Sentinel-2 data is of great utility for a wide range of remote sensing applications due to its free access and fine spatial-temporal coverage. However, restricted by the hardware, only four bands of Sentinel-2 images are provided at 10 m resolution, while others are recorded at reduced resolution (i.e., 20 m or 60 m). In this paper, we propose a parallel residual network for Sentinel-2 sharpening termed SPRNet, to obtain the complete data at 10 m resolution. The proposed network aims to learn the mapping between the low-resolution (LR) bands and ideal high-resolution (HR) bands by three steps, including parallel spatial residual learning, spatial feature fusing and spectral feature mapping. First, rather than using the single branch network, the parallel residual learning structure is proposed to extract the spatial features from different resolution bands separately. Second, the spatial feature fusing is aimed to fully fuse the extracted features from each branch and produce the residual image with spatial information.

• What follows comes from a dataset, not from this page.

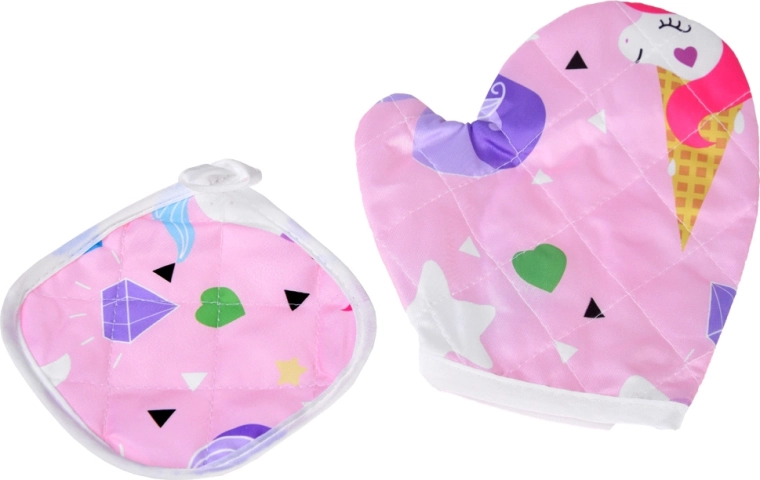 Protecție termică pentru mânuțele mici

Third, to keep spectral fidelity, the spectral feature mapping is utilized to directly propagate the spectral characteristics of LR bands to target HR bands. Without using extra training data, the proposed network is trained with the lower scale data synthesized from the observed Sentinel-2 data and applied to the original ones. The data at 10 m spatial resolution can be finally obtained by feeding the original 10 m, 20 m and 60 m bands to the trained SPRNet. Extensive experiments conducted on two datasets indicate that the proposed SPRNet obtains good results in the spatial fidelity and the spectral preservation. Compared with the competing approaches, the SPRNet increases the SRE by at least 1.538 dB on 20 m bands and 3.188 dB on 60 m bands while reduces the SAM by at least 0.282 on 20 m bands and 0.162 on 60 m bands.